Each line of the material must reappear unchanged in the answer.
# # # #
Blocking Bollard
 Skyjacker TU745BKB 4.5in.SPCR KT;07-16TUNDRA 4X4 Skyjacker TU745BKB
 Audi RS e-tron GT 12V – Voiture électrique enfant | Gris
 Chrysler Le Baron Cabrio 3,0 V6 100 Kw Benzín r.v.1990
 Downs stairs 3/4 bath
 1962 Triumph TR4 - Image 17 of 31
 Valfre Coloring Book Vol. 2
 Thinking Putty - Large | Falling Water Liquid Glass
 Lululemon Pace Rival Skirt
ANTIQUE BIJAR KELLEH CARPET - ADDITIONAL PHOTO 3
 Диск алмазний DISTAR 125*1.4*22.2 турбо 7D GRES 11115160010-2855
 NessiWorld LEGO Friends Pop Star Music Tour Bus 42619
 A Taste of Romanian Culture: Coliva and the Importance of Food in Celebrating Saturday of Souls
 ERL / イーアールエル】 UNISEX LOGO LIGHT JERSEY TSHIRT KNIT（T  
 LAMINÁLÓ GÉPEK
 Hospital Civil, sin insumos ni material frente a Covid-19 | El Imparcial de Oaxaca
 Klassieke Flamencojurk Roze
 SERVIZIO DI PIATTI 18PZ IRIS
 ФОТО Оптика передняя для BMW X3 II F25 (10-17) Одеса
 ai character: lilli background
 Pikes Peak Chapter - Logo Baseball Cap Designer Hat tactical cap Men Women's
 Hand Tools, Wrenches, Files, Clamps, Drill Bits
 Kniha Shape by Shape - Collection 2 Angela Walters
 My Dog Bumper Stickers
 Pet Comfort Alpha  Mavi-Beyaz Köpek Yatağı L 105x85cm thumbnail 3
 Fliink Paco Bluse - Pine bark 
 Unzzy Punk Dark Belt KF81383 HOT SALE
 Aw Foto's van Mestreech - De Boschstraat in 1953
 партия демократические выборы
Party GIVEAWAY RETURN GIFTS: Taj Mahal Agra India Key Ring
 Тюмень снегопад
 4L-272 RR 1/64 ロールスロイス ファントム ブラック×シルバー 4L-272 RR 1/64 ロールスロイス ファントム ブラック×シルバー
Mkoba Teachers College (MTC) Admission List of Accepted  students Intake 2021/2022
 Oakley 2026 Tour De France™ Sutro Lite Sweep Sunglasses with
# # # #
SOLUTION TO THIS TASK:
Blocking Bollard
 Skyjacker TU745BKB 4.5in.SPCR KT;07-16TUNDRA 4X4 Skyjacker TU745BKB
 Audi RS e-tron GT 12V – Voiture électrique enfant | Gris
 Chrysler Le Baron Cabrio 3,0 V6 100 Kw Benzín r.v.1990
 Downs stairs 3/4 bath
 1962 Triumph TR4 - Image 17 of 31
 Valfre Coloring Book Vol. 2
 Thinking Putty - Large | Falling Water Liquid Glass
 Lululemon Pace Rival Skirt
ANTIQUE BIJAR KELLEH CARPET - ADDITIONAL PHOTO 3
 Диск алмазний DISTAR 125*1.4*22.2 турбо 7D GRES 11115160010-2855
 NessiWorld LEGO Friends Pop Star Music Tour Bus 42619
 A Taste of Romanian Culture: Coliva and the Importance of Food in Celebrating Saturday of Souls
 ERL / イーアールエル】 UNISEX LOGO LIGHT JERSEY TSHIRT KNIT（T  
 LAMINÁLÓ GÉPEK
 Hospital Civil, sin insumos ni material frente a Covid-19 | El Imparcial de Oaxaca
 Klassieke Flamencojurk Roze
 SERVIZIO DI PIATTI 18PZ IRIS
 ФОТО Оптика передняя для BMW X3 II F25 (10-17) Одеса
 ai character: lilli background
 Pikes Peak Chapter - Logo Baseball Cap Designer Hat tactical cap Men Women's
 Hand Tools, Wrenches, Files, Clamps, Drill Bits
 Kniha Shape by Shape - Collection 2 Angela Walters
 My Dog Bumper Stickers
 Pet Comfort Alpha  Mavi-Beyaz Köpek Yatağı L 105x85cm thumbnail 3
 Fliink Paco Bluse - Pine bark 
 Unzzy Punk Dark Belt KF81383 HOT SALE
 Aw Foto's van Mestreech - De Boschstraat in 1953
 партия демократические выборы
Party GIVEAWAY RETURN GIFTS: Taj Mahal Agra India Key Ring
 Тюмень снегопад
 4L-272 RR 1/64 ロールスロイス ファントム ブラック×シルバー 4L-272 RR 1/64 ロールスロイス ファントム ブラック×シルバー
Mkoba Teachers College (MTC) Admission List of Accepted  students Intake 2021/2022
 Oakley 2026 Tour De France™ Sutro Lite Sweep Sunglasses with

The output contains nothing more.